Work instruction: Make an exact copy of the data below, leaving out every picture.

Records provided:
§ §
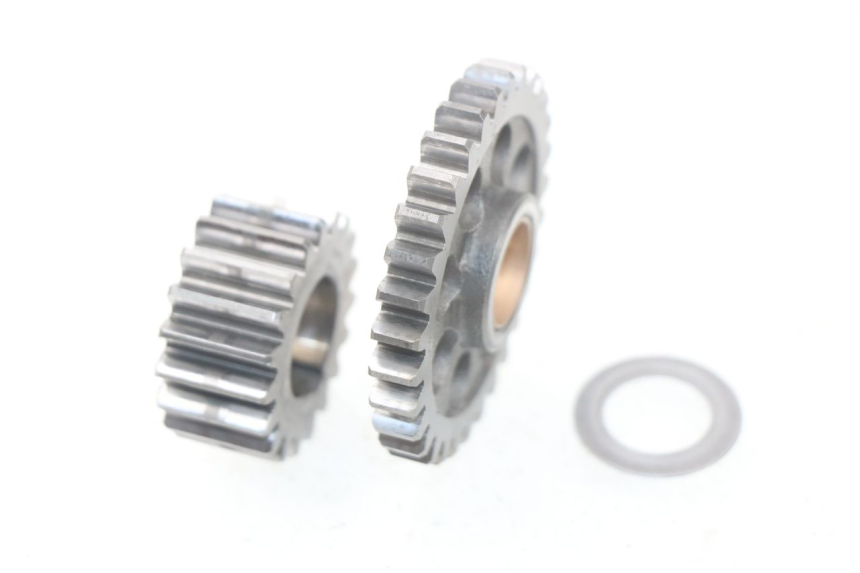 photo de ENGRENAGEM DE TRANSMISSÃO KTM SX 85 (2003 - 2012) - Detalhe da peça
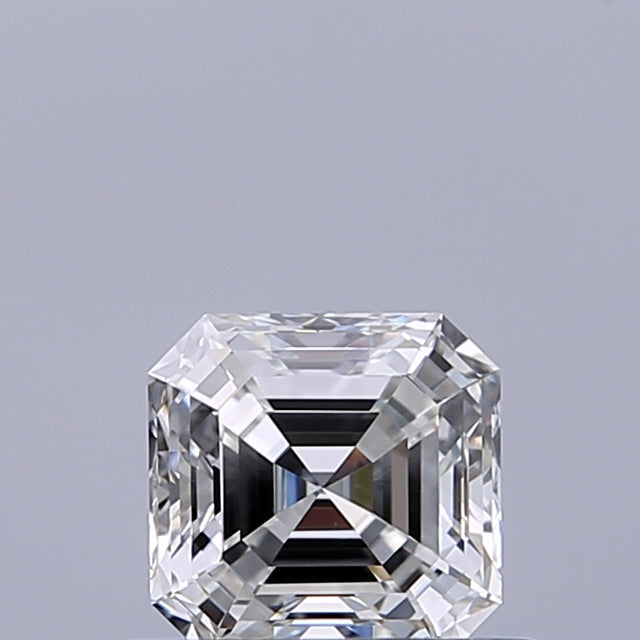 0.48 carat Emerald diamond F VVS1 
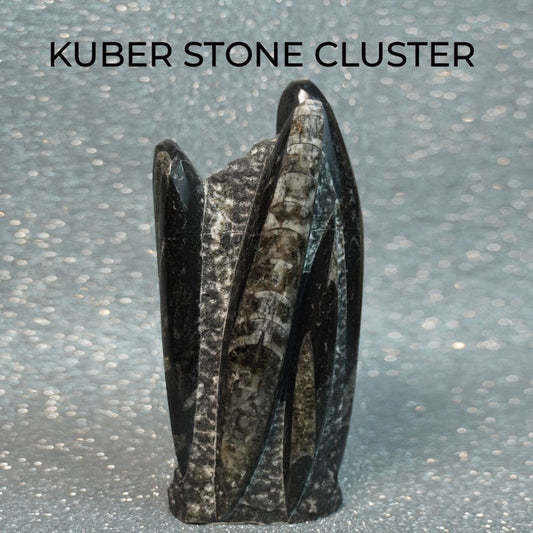 Kuber Stone (1.023 Kg) – Sacred Prosperity Gemstone for Wealth, Abundance & Positive Energy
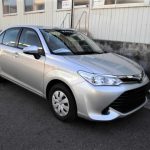 2015 TOYOTA AXIO N/S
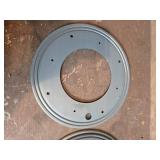 2 - 12in Lazy Susan Hardware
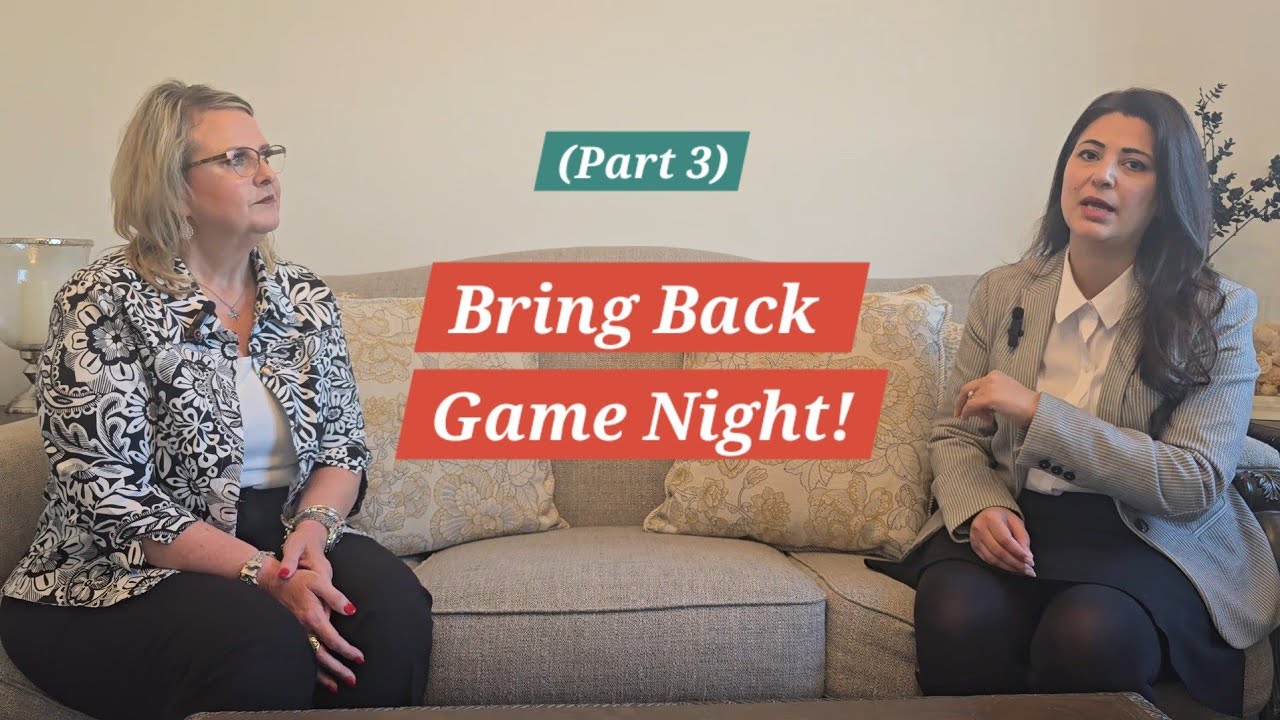 What Actually Helps Kids Learn At Home | Part 3 | The Cuddle Tot Pod @GingerAbiHabib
§ §
Answer area:
 photo de ENGRENAGEM DE TRANSMISSÃO KTM SX 85 (2003 - 2012) - Detalhe da peça
 0.48 carat Emerald diamond F VVS1 
 Kuber Stone (1.023 Kg) – Sacred Prosperity Gemstone for Wealth, Abundance & Positive Energy
 2015 TOYOTA AXIO N/S
 2 - 12in Lazy Susan Hardware
 What Actually Helps Kids Learn At Home | Part 3 | The Cuddle Tot Pod @GingerAbiHabib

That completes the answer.